Areas for Improvement: #

  • Thesis Statement: The essay lacks a clear, concise thesis statement in the introduction. Right now, the closest thing to a thesis statement is: "While the Normandy Invasion was a resounding success, it would have been incapable of achieving its objectives without the extensive planning, the plethora of resources, and the precise implementation of Operation Fortitude and its conjoined deception strategies." This is a good start, but it could be more focused and argumentative.
  • Argumentation: While the essay presents a lot of information about Operation Fortitude, it sometimes reads more like a summary than an argument. The essay would be stronger if it more clearly and consistently argued how and why Operation Fortitude was crucial to the success of D-Day. For instance, directly connect specific Axis troop movements to Allied deception.
  • Engagement with Sources: While the essay cites many sources, it sometimes summarizes them without fully engaging with their arguments or putting them in conversation with each other. Consider the following:
  • Direct Quotation: Use direct quotations more often to bring in the voices of historians and primary sources.
  • Analysis: Analyze the sources' arguments and perspectives. Do historians disagree about the importance of certain aspects of Operation Fortitude?
  • Synthesis: Connect different sources to build a more nuanced and complex understanding of the operation.
  • Concision and Clarity: The essay could be more concise and to-the-point.
  • Sentence Structure: Vary sentence structure and length to improve readability.
  • Word Choice: Use more precise and active verbs. For example, instead of "The Allies understood," consider "Allied strategists recognized."
  • Paragraph Length: Break up lengthy paragraphs for better flow.

Specific Suggestions: #

  • Rework the Introduction: Start with a hook to grab the reader's attention. Then, clearly state your argument about Operation Fortitude's importance in a strong thesis statement.
  • Develop Body Paragraphs: Each body paragraph should focus on a specific aspect of your argument. Make sure to use evidence from your sources to support your claims and analyze how those sources contribute to the overall understanding of Operation Fortitude's success.
  • Provide Specific Examples: When discussing the impact of Operation Fortitude, provide specific examples of how it influenced Axis decisions and troop movements. Use maps, dates, and numbers to make your points more concrete.
  • Refine the Conclusion: Summarize your main points and restate your argument in a clear and compelling way. Offer some concluding thoughts about the significance of Operation Fortitude in the broader context of World War II.

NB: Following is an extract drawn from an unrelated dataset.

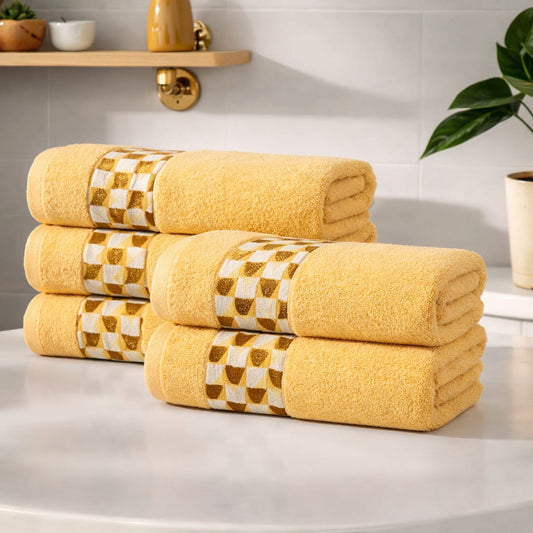Soft Cotton  Bathroom Towel  – Ultra Absorbent With Border Design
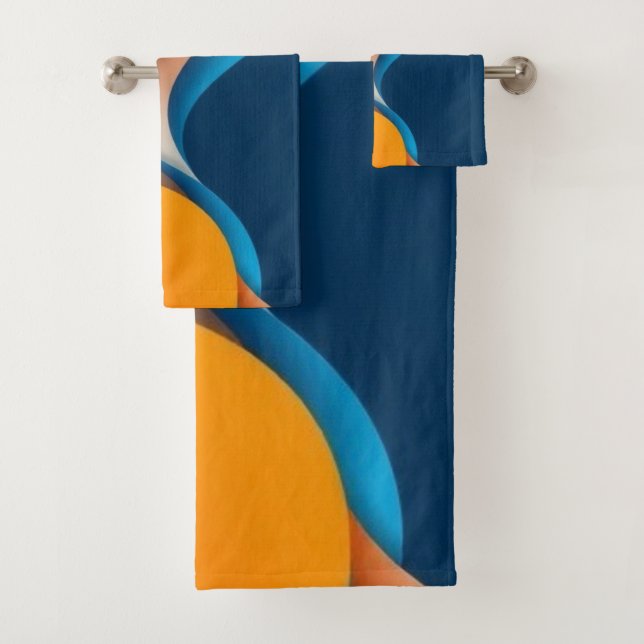 Orange and Blue Waves Bath Towel Set (Insitu)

Overall: This is a good start to your essay! By incorporating the suggested improvements, you can create a more focused, analytical, and engaging piece of writing that effectively highlights the often-overlooked but crucial role of Operation Fortitude in the success of D-Day.

I asked Ty what he thought (love ya kid, but I'm not reading a 34 page essay on WW2 ;), and he said that the suggestions were detailed and very specific.

The Code (and some notes...) #

If you want to see more of the code, or run it yourself, you can find the repo here: Note you will need a Google Gemini key in order to call the APIs, but you can get that for free, so there's no reason not too, right?

As a final quick aside, a few months ago I started using code from Todd Sharp for my Gemini demos to handle creating a super simple web server. I knew my Gemini tests would need a serverside solution, and while that's easy with Netlify or Pipedream, I really wanted something even simpler. Hence the code you'll see in server.js. I made a change in this iteration where it now more easily handles multiple static files and I'll probably use this version going forward, but as a reminder, this would normally be done in either something like Express, or hosted up on Netlify. Anyway, enjoy.